Friday 6 May 2011

CRIME & ECONOMIC HARD TIMES

It is natural to assume that economic hard times result in higher crime rates. However, that depends on the specific country and specific time period, regime, and above all the duration of economic hard times in relationship with the affluence of times past. The more authoritarian the society, the less the crime no matter how hard times people are enduring. Americans are baffled for example that there was relatively low crime in the 1950s coinciding with low economic growth versus the higher growth 1960s when crime rose.

The 1950s was a decade of extreme conformity, not only because of the Cold War, but the McCarthyist era, and the very rigid conformity that all institutions from church, schools, media, business, and government inculcated into the minds of people. By contrast, the 1960s, was a more liberal decade of a 'surface cultural revolution' - a reaction to the conformity of the 1950's and everything from the bloody Vietnam War to racism, sexism, and a culture of prejudice hiding behind a facade of democracy. Therefore, it is not a given that crime rises when a society suffers economic hard times, any more than there is a correlation between economic hard times and social unrest.
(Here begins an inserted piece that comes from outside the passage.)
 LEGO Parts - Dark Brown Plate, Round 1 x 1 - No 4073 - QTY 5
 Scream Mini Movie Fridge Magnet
Social scientists have debated the issue of whether economic crises are a root cause of:
a) rise in crime;
b) rise in social tensions and social unrest;
c) social upheaval that may unfold into revolt as has been the case in Muslim nations in 2011;
d) social conformity;
e) xenophobia, racism, ethnocentrism, sexism, and hate crimes
e) disintegration of the social fabric - break up of families resulting from downward social mobility;
f) political instability;
g) trigger for social, economic, political and cultural revolution like that of France in 1789, which suffered economic contraction in the decade of the 1780s.
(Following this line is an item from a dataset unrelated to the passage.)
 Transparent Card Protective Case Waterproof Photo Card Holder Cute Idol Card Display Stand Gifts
The answer one gives to the question depends not merely on statistics, but at least to some degree on the ideological position that one holds. Henry Mayhew, best known for London Labour and The London Poor, as well as Charles Dickens, influenced by Mayhew, were critics of the socially religious-conservative perspective on crime. From the 18th century, when Cesare Beccaria published On Crimes and Punishment, scholars make certain assumptions about human behavior and institutions that shape such behavior and lead to crime. Before Beccaria, the simple assumptions about criminal conduct were based on religious doctrine; namely a criminal acts out of evil disposition.

Some conservatives in the past two hundred years have argued that economic crises teach conformity and promote humble behavior on the part of the lower social strata; in other words, the underlying premise in asking one to "prove scientifically" the correlation between sustained economic contractions and crime essentially assumes that the questioner has already accepted the conservative thesis regarding economic contractions and crime.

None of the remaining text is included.